Long dice (sometimes oblong or stick dice) are dice, often roughly right prisms or (in the case of barrel dice) antiprisms, designed to land on any of several marked lateral faces, but neither end. Landing on end may be rendered very rare simply by their small size relative to the faces, by the instability implicit in the height of the dice, and by rolling the long dice along their axes rather than tossing.
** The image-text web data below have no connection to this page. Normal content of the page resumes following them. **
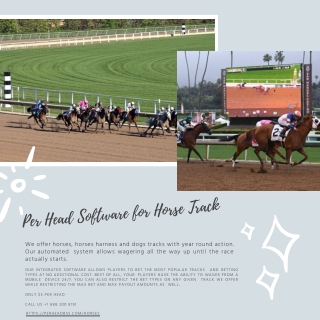 Per Head BSS: Per Head Software for Horse Track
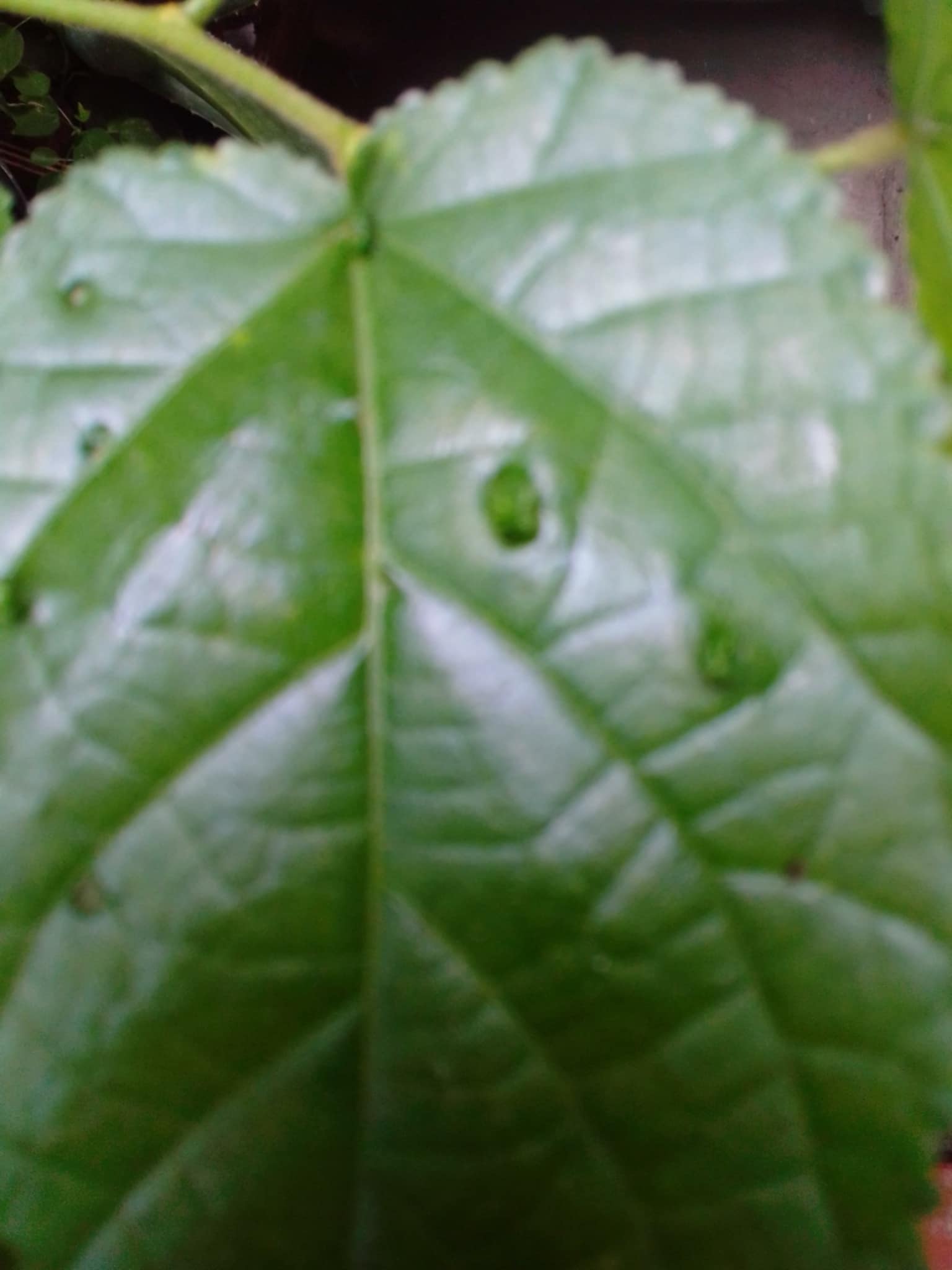 planta10.jpg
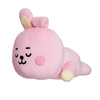 BT21 - Plush pillow / mascot 28 cm COOKY Baby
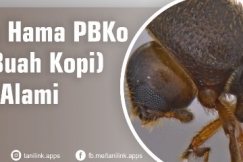 Pengendalian PBKo Pada Tanaman Kopi Secara Alami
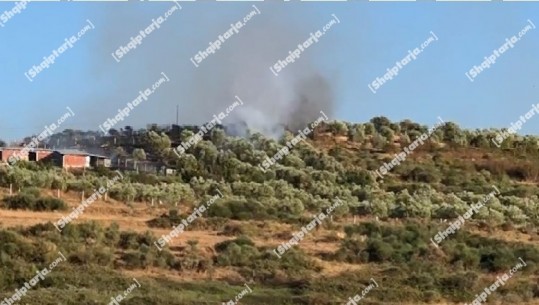Vlorë, aktivizohet një vatër zjarri në fshatin Sherishtë, rrezikohen banesat dhe stanet! Digjen dhjetëra rrënjë ullinj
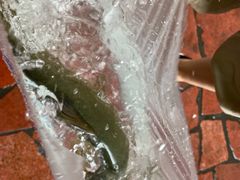 雅鱼-老字号怡玺·藿香雅鱼(20年雅安店)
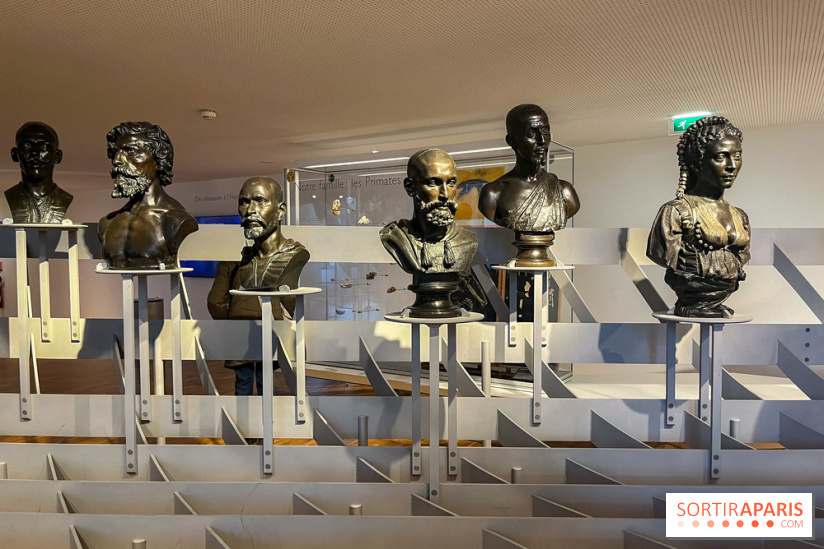 Le musée de l'Homme - collections permanentes - image00057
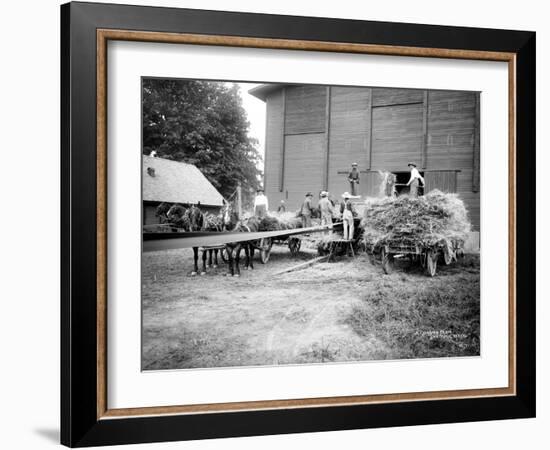 Harvesting Hay, Circa 1909-Asahel Curtis-Framed Giclee Print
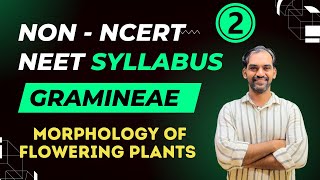 Gramineae  Non NCERT NEET Syllabus  Morphology of Flowering Plants [upl. by Yssor]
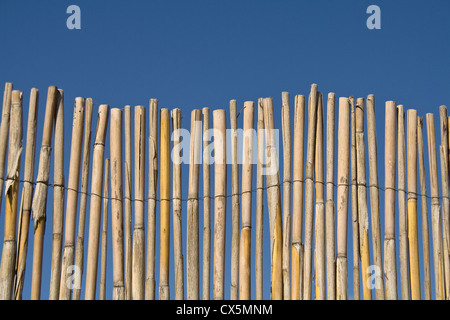 Rohrstock Zaun Textur über blauen Himmel Stockfoto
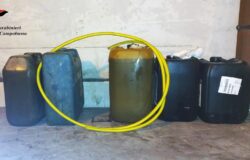ruba, gasolio, autobus, arrestato, furto aggravato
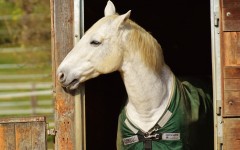 Desktop image. Animals. ID:64983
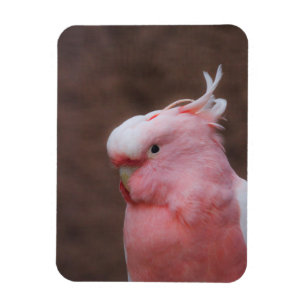 Magnet Flexible Cockatoo rose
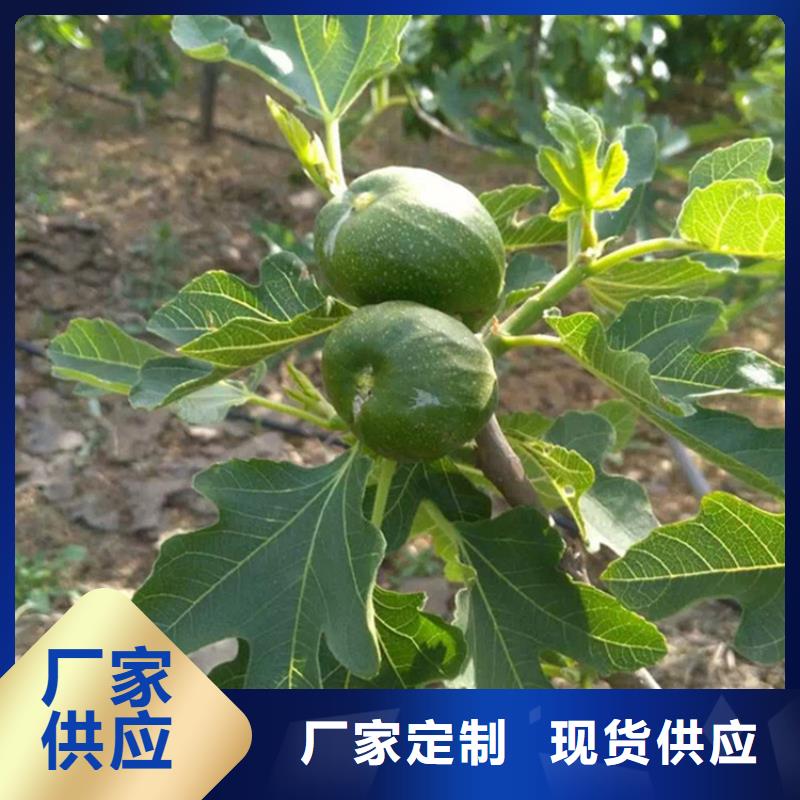 无花果【桃树苗】优选原材_轩园园艺场(十堰市分公司)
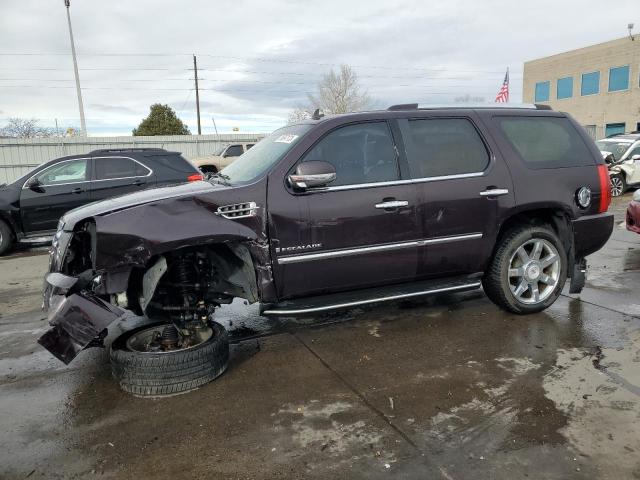 2009 CADILLAC ESCALADE LUXURY, 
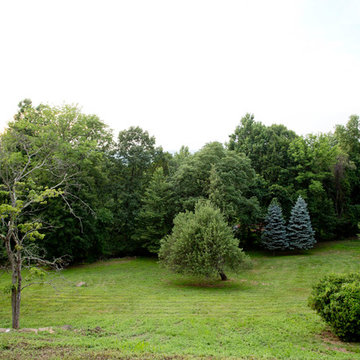 My Houzz: Midcentury Garden Tour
Many long dice provide further insurance against landing on end by giving the ends a rounded or peaked shape, rendering such an outcome physically impossible (at least on a flat solid surface).
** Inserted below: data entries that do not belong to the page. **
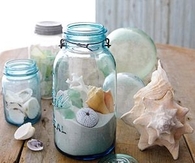 Seashell decorations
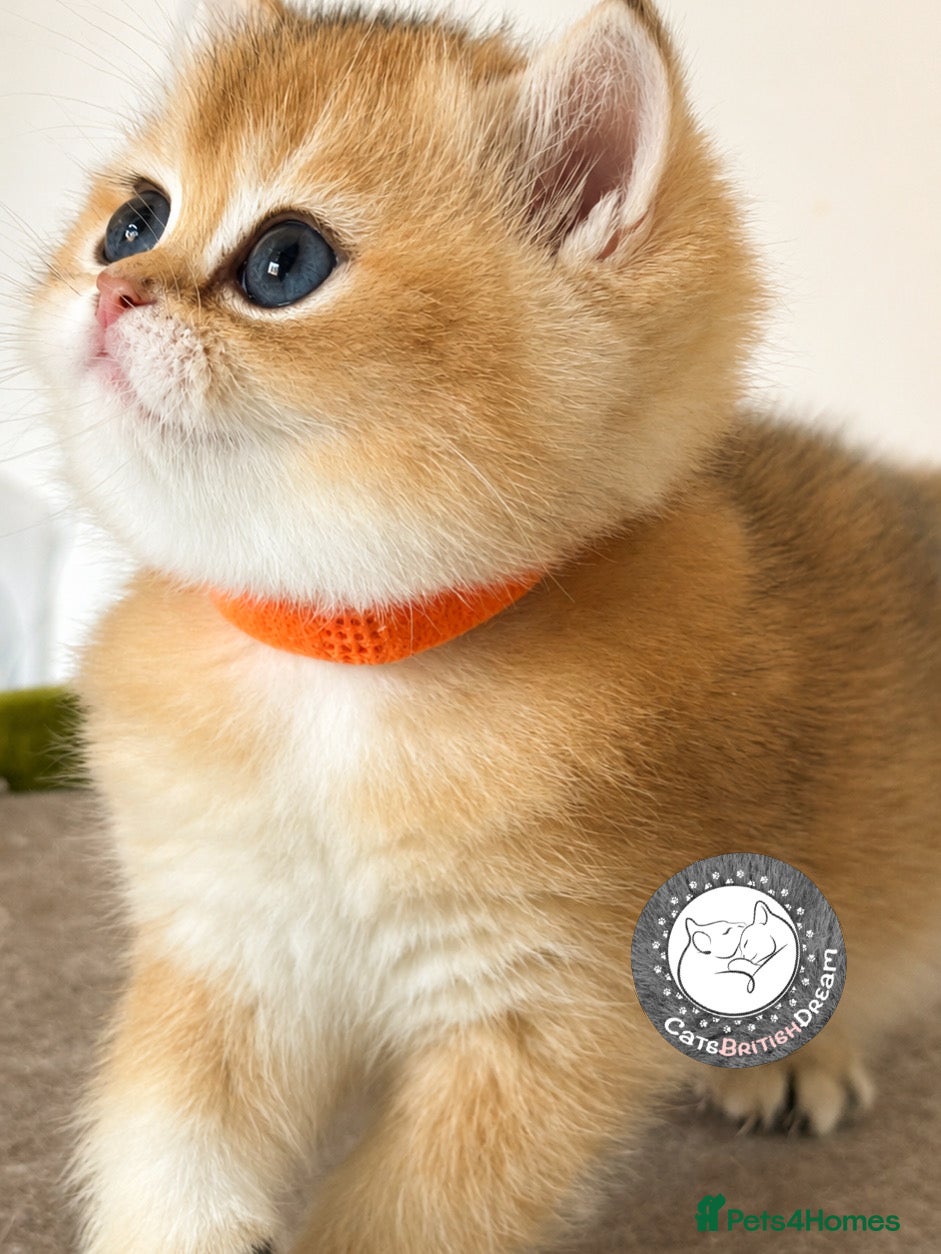 British Shorthair cats Exception quality,Champion bloodlines GCCF/TICA🏆 - Advert 1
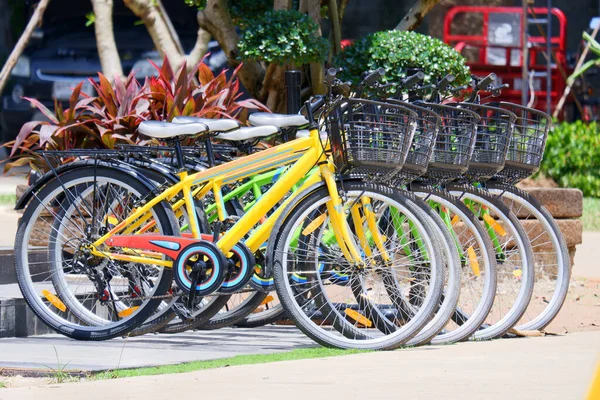 Cinque Biciclette Gialle Verdi Sono Parcheggio Ordine Sfondo Del Giardino — Foto Stock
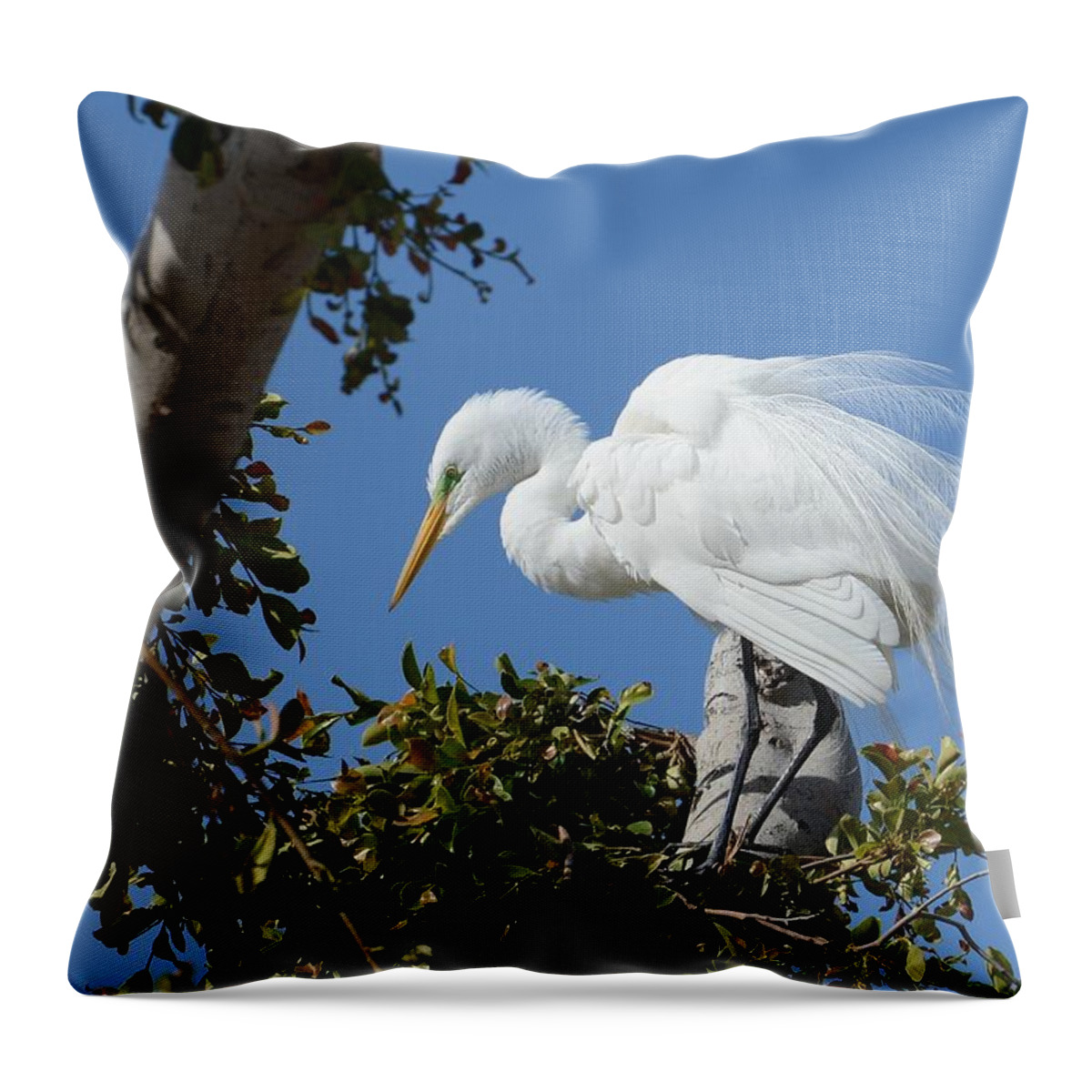 Great White Egret Throw Pillow featuring the photograph The Roost by Fraida Gutovich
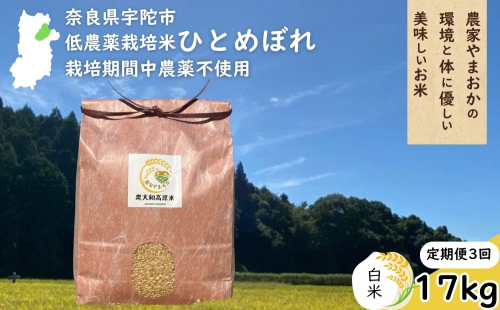 【定期便3回】ひとめぼれ 低農薬栽培＜令和7年産 白米 17kg ＞ / ふるさと納税 低農薬 米 お米 こめ コメ 国産 新米 玄米 一等米 農家やまおか 奈良県 宇陀市 2408791 - 奈良県宇陀市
Design advantages of long dice include being relatively easy to create fair dice with an odd number of faces, and (for four-faced dice) being easier to roll than tetrahedral d4 dice (as found in many role-playing games).

==Four faces (square prisms)==

A four-faced Daldøs die, "unrolled" at right to show one of its standard configurations.

Both cubic dice and four-faced long dice are found as early as the mid third millennium BCE at Indus Valley Civilisation sites; these are marked variously with dot-and-ring figures, linear devices, and Indus Valley signs. Dot-and-ring figures are used to this day on long dice in India, and predominate in the central European long dice shown above. In India, long dice (pasa) are used to play Chaupar (a relative of Pachisi); the faces may be marked with the values 1-3-4-6 or 1-2-5-6, though older Indian long dice were marked 1-2-3-4.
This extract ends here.